** Supplied material follows **

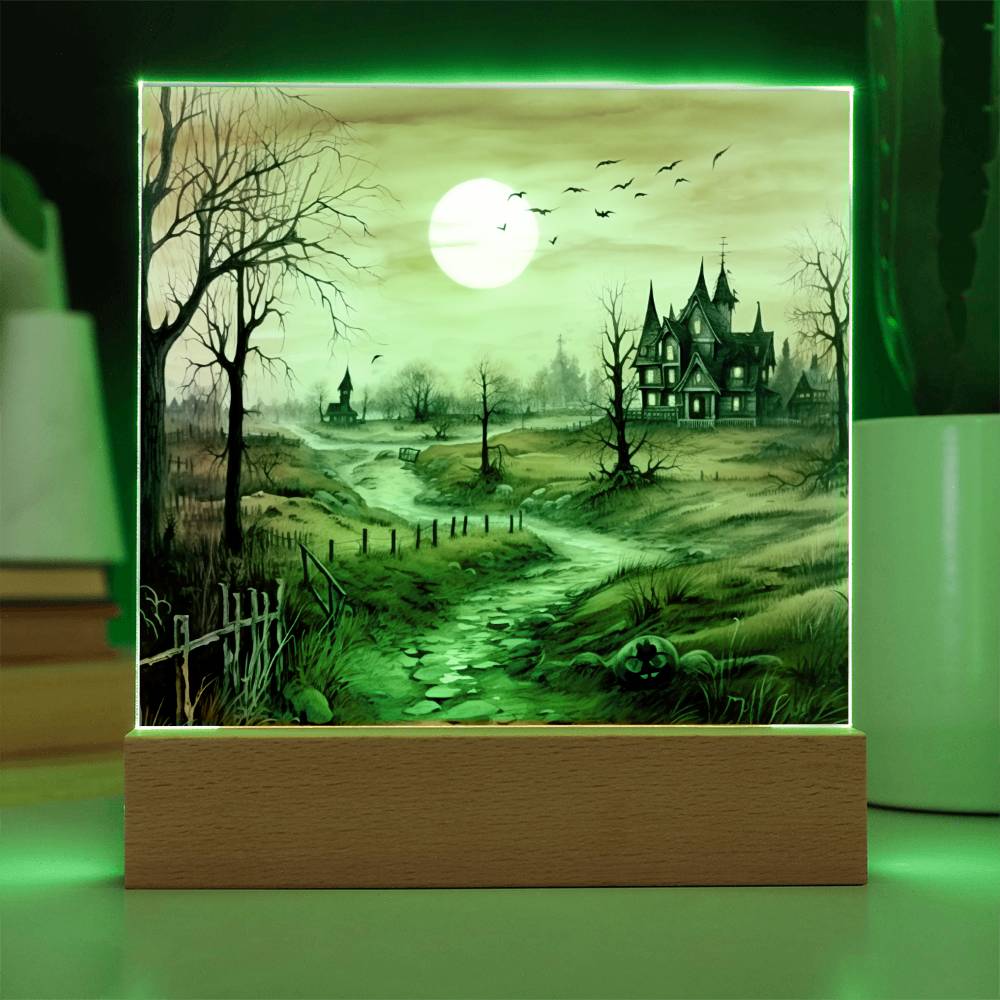 Ghost Manor: Acrylic Halloween Plaque - Mallard Moon Gift Shop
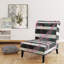 Fauteuil de chambre en velours rose et noir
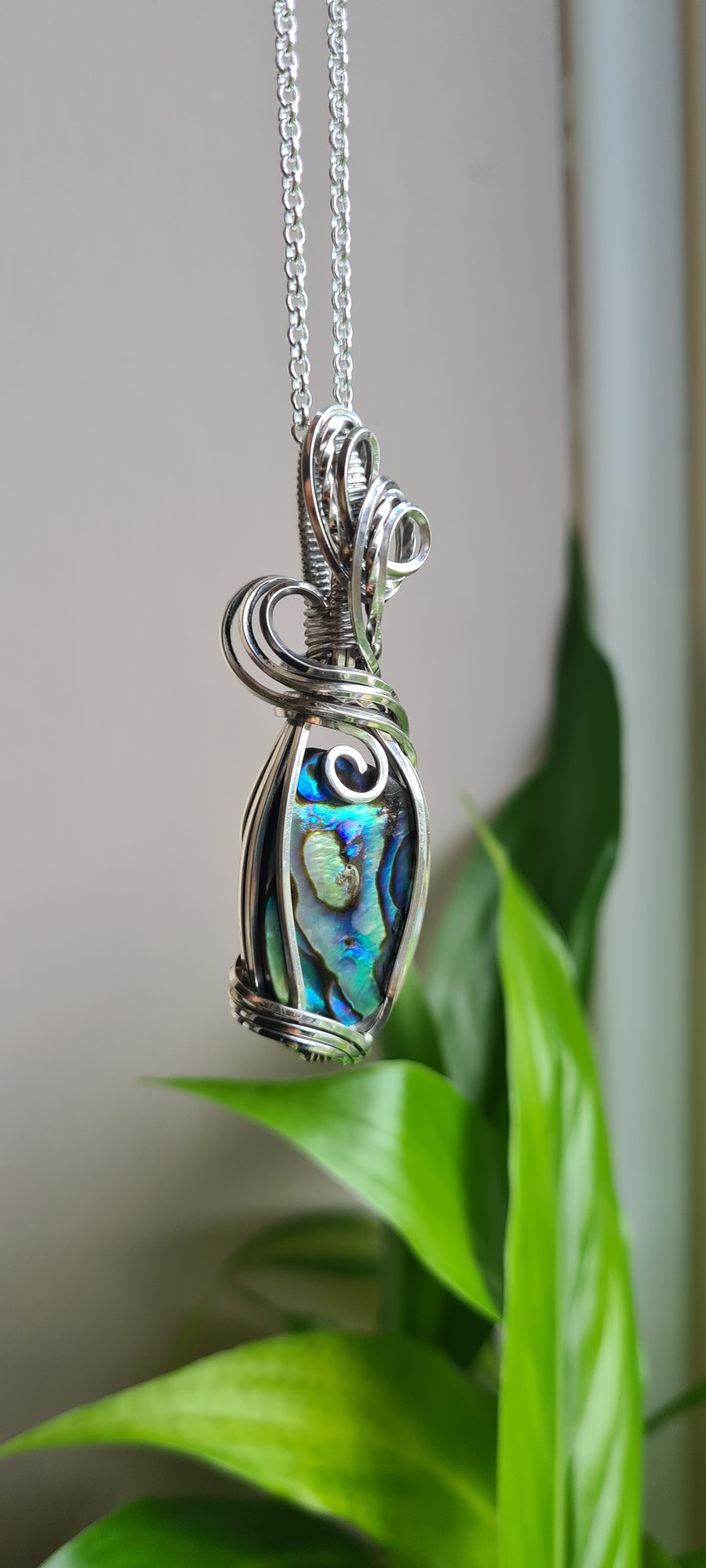 Handmade Natural Abalone Shell 925 Silver Necklace Pendant Gift Boxed Jewellery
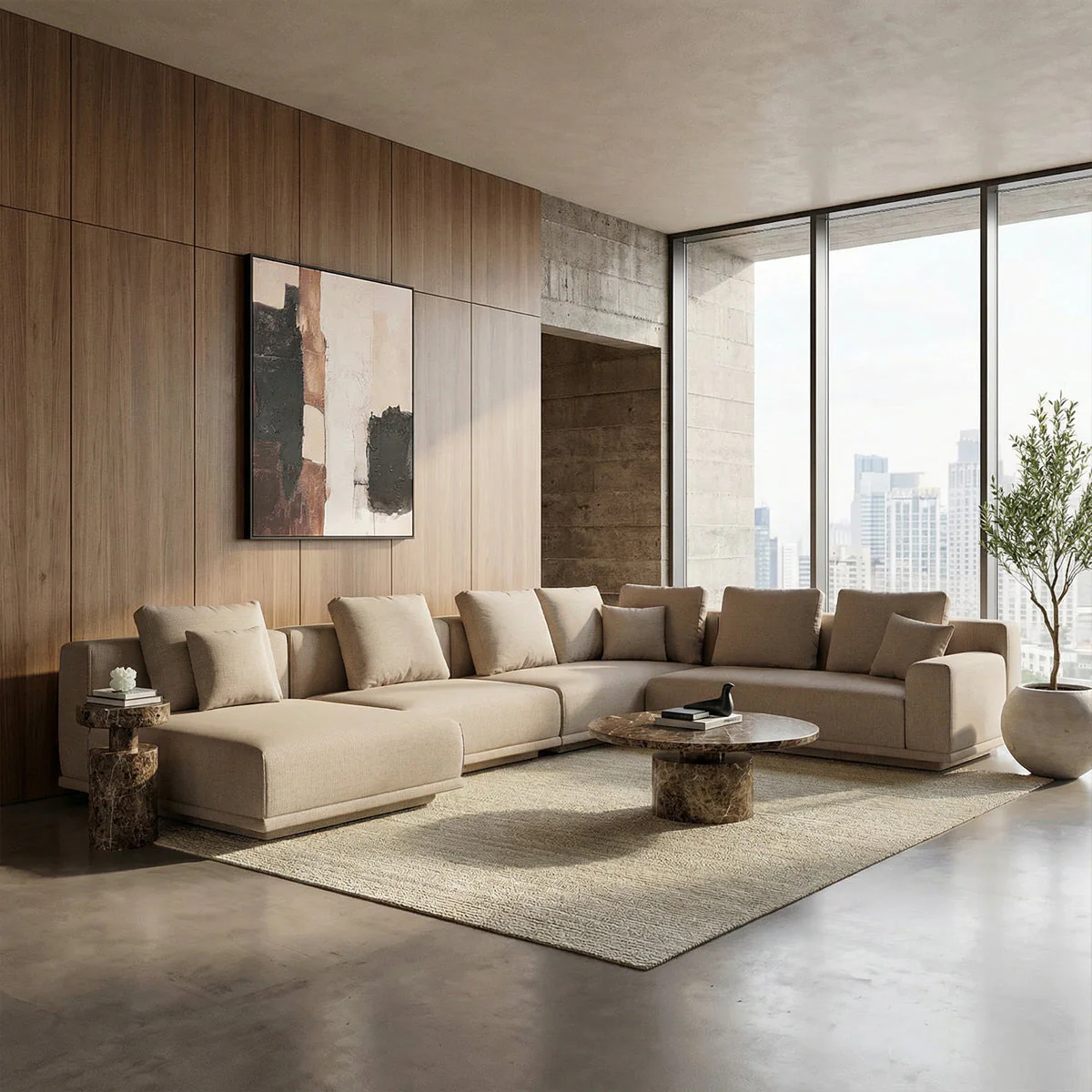 Eden Sectional Sofa Beige - Image 2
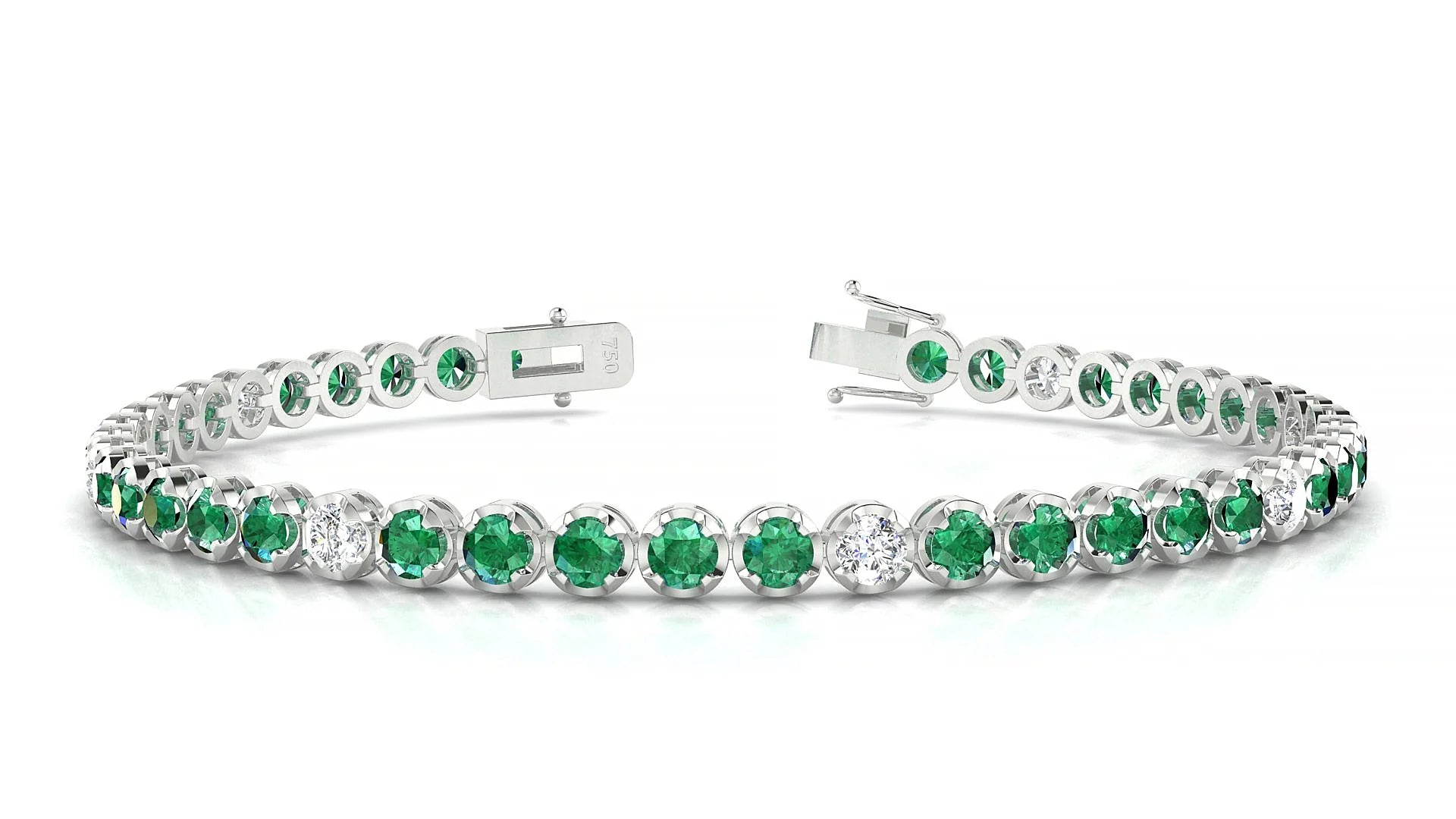 Bengal 5-1 | 18k White Gold 3 mm Round Natural Emerald & Diamond Tennis Bracelet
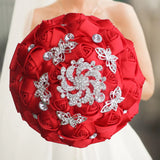Red Brooch Rhinestone Bridal Bouquets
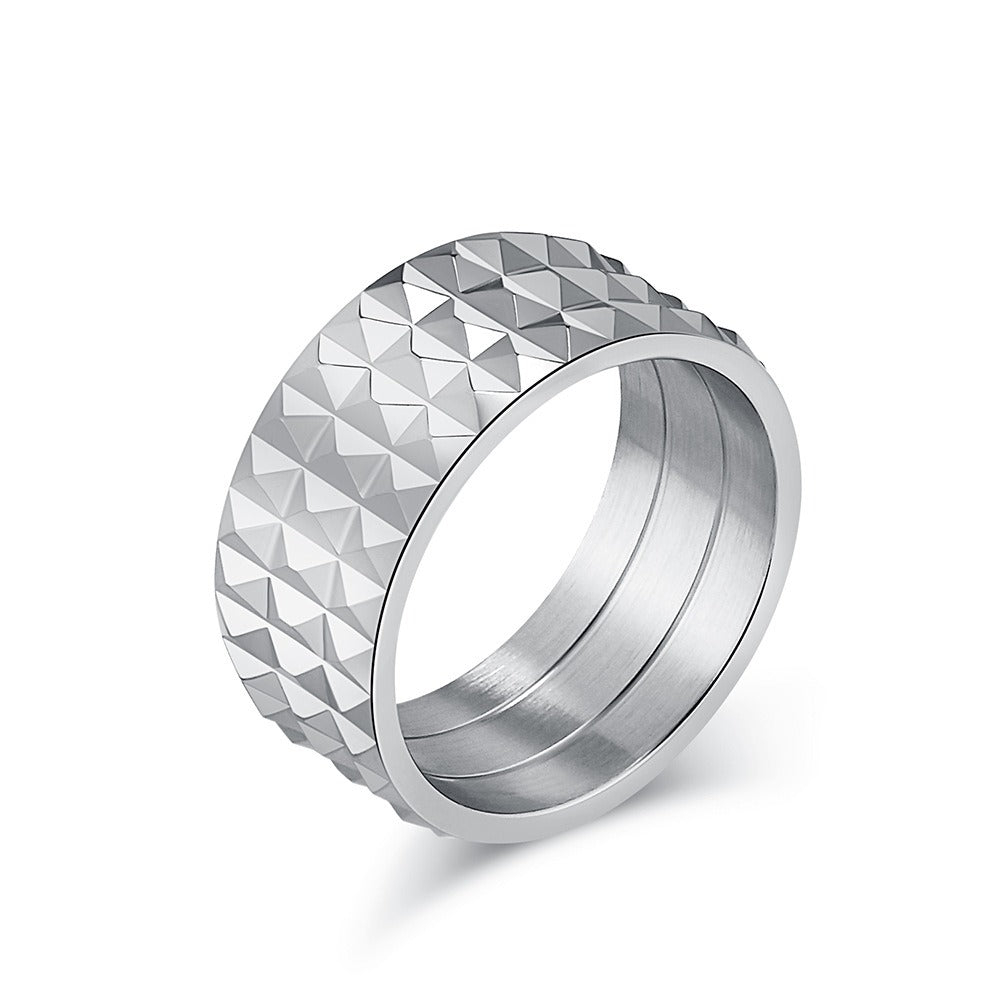 Kemstone Faceted Geometric Ring for Men & Women Stainless Steel K-R851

** End of Supplied material **

__What you need to do__: Please output an exact repetition of the lines from the line containing "Handmade Natural Abalone" to the end of the records, both included, with no pictures and no additional text.

__Result__:
 Handmade Natural Abalone Shell 925 Silver Necklace Pendant Gift Boxed Jewellery
 Eden Sectional Sofa Beige - Image 2
 Bengal 5-1 | 18k White Gold 3 mm Round Natural Emerald & Diamond Tennis Bracelet
Red Brooch Rhinestone Bridal Bouquets
 Kemstone Faceted Geometric Ring for Men & Women Stainless Steel K-R851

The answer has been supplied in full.